***** RECORDS

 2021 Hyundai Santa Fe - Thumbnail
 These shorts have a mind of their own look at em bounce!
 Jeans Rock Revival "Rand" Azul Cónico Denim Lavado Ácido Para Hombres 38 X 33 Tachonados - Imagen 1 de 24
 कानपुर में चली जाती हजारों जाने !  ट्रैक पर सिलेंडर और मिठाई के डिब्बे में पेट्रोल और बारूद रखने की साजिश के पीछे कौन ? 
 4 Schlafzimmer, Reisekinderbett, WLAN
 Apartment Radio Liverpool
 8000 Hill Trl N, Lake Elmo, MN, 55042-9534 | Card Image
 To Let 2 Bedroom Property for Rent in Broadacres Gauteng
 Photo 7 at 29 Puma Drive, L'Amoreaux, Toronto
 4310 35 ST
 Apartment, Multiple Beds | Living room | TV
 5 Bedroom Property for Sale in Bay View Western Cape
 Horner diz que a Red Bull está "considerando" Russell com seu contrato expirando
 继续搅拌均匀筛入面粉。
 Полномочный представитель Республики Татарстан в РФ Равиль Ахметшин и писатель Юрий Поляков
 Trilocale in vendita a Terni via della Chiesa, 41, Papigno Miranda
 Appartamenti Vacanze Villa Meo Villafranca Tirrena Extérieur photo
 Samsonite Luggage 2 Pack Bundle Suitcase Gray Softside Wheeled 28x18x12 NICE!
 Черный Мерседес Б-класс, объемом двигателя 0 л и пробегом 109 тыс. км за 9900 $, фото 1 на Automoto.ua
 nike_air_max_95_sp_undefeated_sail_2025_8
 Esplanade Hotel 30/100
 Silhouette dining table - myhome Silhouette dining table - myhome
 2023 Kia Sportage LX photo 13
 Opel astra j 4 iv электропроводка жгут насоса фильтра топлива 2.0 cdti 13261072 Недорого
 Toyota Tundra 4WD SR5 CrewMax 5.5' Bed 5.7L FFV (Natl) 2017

**********

▶ YOUR GOAL
Type out the full listing again, exactly as given.

▶ EXERCISE SOLUTION
 2021 Hyundai Santa Fe - Thumbnail
 These shorts have a mind of their own look at em bounce!
 Jeans Rock Revival "Rand" Azul Cónico Denim Lavado Ácido Para Hombres 38 X 33 Tachonados - Imagen 1 de 24
 कानपुर में चली जाती हजारों जाने !  ट्रैक पर सिलेंडर और मिठाई के डिब्बे में पेट्रोल और बारूद रखने की साजिश के पीछे कौन ? 
 4 Schlafzimmer, Reisekinderbett, WLAN
 Apartment Radio Liverpool
 8000 Hill Trl N, Lake Elmo, MN, 55042-9534 | Card Image
 To Let 2 Bedroom Property for Rent in Broadacres Gauteng
 Photo 7 at 29 Puma Drive, L'Amoreaux, Toronto
 4310 35 ST
 Apartment, Multiple Beds | Living room | TV
 5 Bedroom Property for Sale in Bay View Western Cape
 Horner diz que a Red Bull está "considerando" Russell com seu contrato expirando
 继续搅拌均匀筛入面粉。
 Полномочный представитель Республики Татарстан в РФ Равиль Ахметшин и писатель Юрий Поляков
 Trilocale in vendita a Terni via della Chiesa, 41, Papigno Miranda
 Appartamenti Vacanze Villa Meo Villafranca Tirrena Extérieur photo
 Samsonite Luggage 2 Pack Bundle Suitcase Gray Softside Wheeled 28x18x12 NICE!
 Черный Мерседес Б-класс, объемом двигателя 0 л и пробегом 109 тыс. км за 9900 $, фото 1 на Automoto.ua
 nike_air_max_95_sp_undefeated_sail_2025_8
 Esplanade Hotel 30/100
 Silhouette dining table - myhome Silhouette dining table - myhome
 2023 Kia Sportage LX photo 13
 Opel astra j 4 iv электропроводка жгут насоса фильтра топлива 2.0 cdti 13261072 Недорого
 Toyota Tundra 4WD SR5 CrewMax 5.5' Bed 5.7L FFV (Natl) 2017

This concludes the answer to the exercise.